Since the COnVID shut down, I do almost all my shopping online. I’m not talking about major purchases, but anything that generates sales tax. One day I noticed the shampoo bottle was almost tapped, so I ordered some. They offer free shipping with a $35 purchase, so I bought a brake cable for my bike, some shirts for my husband, and a new winter bed sheet (I know, it’s hard to imagine right now, how cold your ass is going to be in a few months, and then all the winter bedding will be sold out).

I had the shampoo within 4 days. 

I’m still waiting for the break cable, which came from an East Coast vendor. My husband is fixing up my old bike, it’s been sitting in the shed ever since the brake cable snapped on me at a really inconvenient bend in the road. The back tire needs replacing – another online order, next time we need toothpaste.

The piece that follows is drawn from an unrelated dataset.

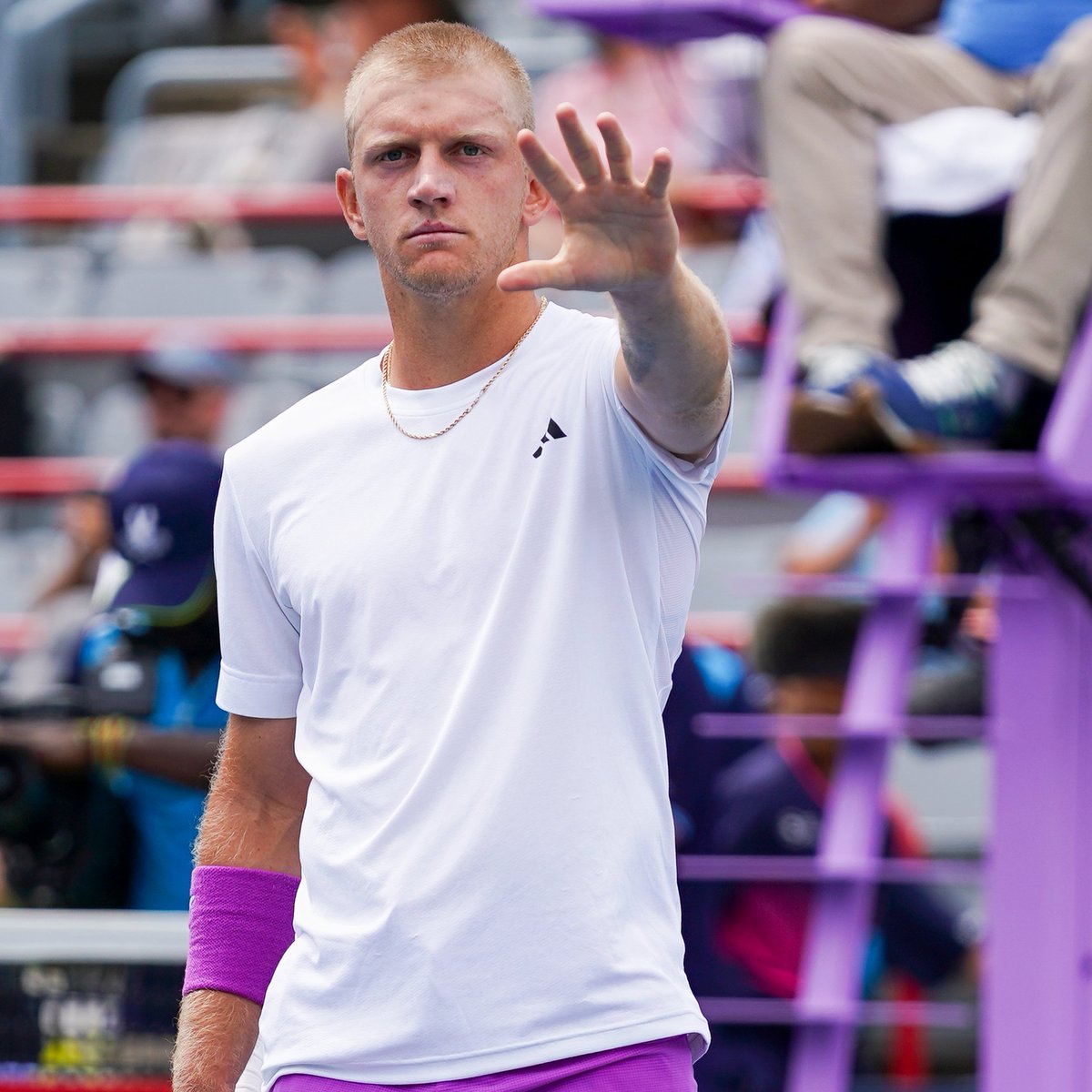 FOKINA UPSETS MEDVEDEV !

Alejandro Davidovich Fokina 🇪🇸 defeats [3] Daniil Medvedev 🇷🇺 6-4, 1-6, 6-2 and moves to the next round in Montreal 🇨🇦.

He will face Matteo Arnaldi 🇮🇹.

#ATP1000 | #OBN24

I like online shopping. I used to hate it when I had my PO box in Chico. My family has had packages lost, packages destroyed, packages stolen from, at the Chico Post office. I had to do the “Repo Man grab” for the last package – the staffers were unwilling to look for it in the mess of their backroom, they just kept sending me away. Finally,  I insisted that one clerk look at the tracking number, and finally he comes sheepishly out of the back room with package.

We’ve tried having packages delivered to Fed Ex and UPS but found the same problem – lazy staffers who wouldn’t do their job.  News flash – Larry Wahl sold his UPS stores, and the new owners are out-of-towners who don’t  give a shit, and charge $5 for pick-up.  UPS and FedEx drivers are great, but if you’re not going to be home, do you want a package laying on your doorstep? In this town? 

So, when a transient lit a fire in the annex where our box was contained, and later when we heard reports that boxes were continually getting broken into at the annex where they relocated us,

Investigation continues into P.O. box break-ins at Chico, Durham post offices

we decided we should move our post office box. Out of town. We found out you can get a PO box in any one of half dozen nearby towns, for the same rate, and the service and security are worlds apart from Chico post office. Orland, for example, is great, and only 30 minutes away.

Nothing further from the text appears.